> _AIM OF THE TASK_:
At the line containing "Username dan Password", begin an exact copy of the lines below and continue through the final one, with no pictures.

Scraped caption text data

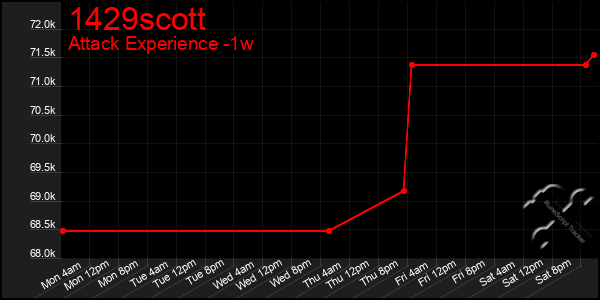 Last 7 Days Graph of 1429scott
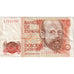 Spain, 200 Pesetas, 1980-09-16, EF(40-45)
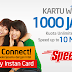 Username dan Password Speedy Instan (SPIN) @wifi.id Juli 2014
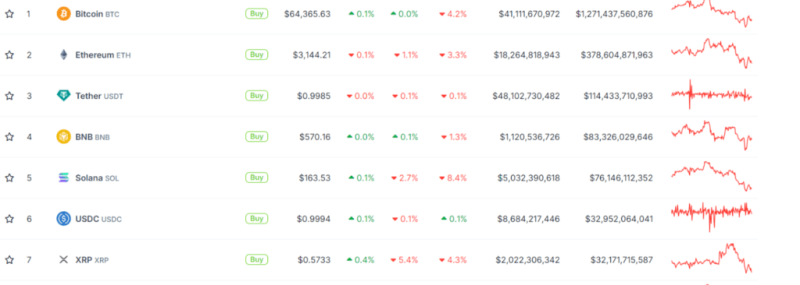 Bitcoin Traders Brace For $55K Amid Sell-Offs And Market Volatility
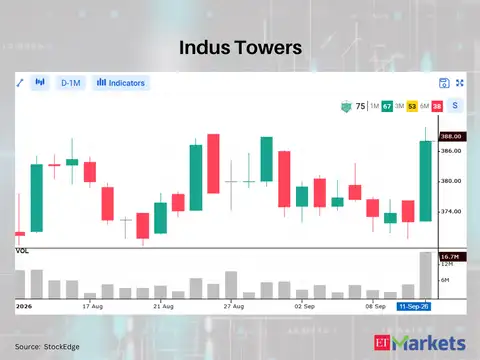 Indus Towers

> _TASK SOLUTION_:
 Username dan Password Speedy Instan (SPIN) @wifi.id Juli 2014
 Bitcoin Traders Brace For $55K Amid Sell-Offs And Market Volatility
 Indus Towers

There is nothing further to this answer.